*What the task asks*. Please transcribe the listing that follows exactly; images are to be excluded.
(Available data Opens)
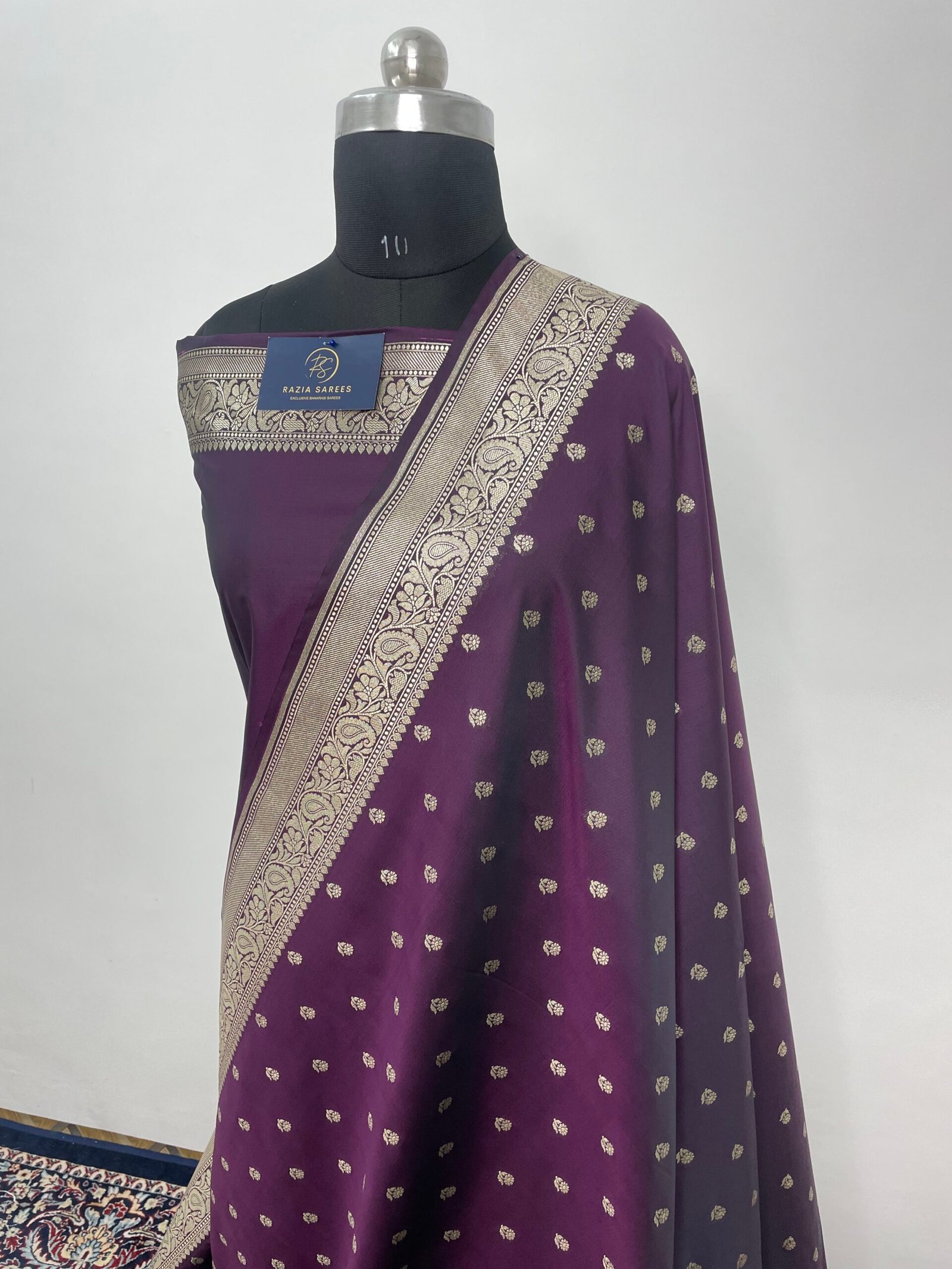 Purple Booti Premium Katan Silk Saree - Image 2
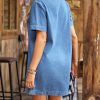 Women’s Denim Mini Dress Short Sleeve Summer Casual Half Zip Polo Neck Short Jean Dress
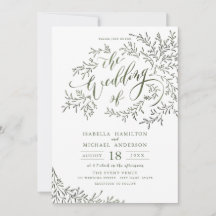 Grüne Kalligraphie rustikale Blumenhochzeit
(Available data Closes)
*Result for this exercise*.
 Purple Booti Premium Katan Silk Saree - Image 2
 Women’s Denim Mini Dress Short Sleeve Summer Casual Half Zip Polo Neck Short Jean Dress
 Grüne Kalligraphie rustikale Blumenhochzeit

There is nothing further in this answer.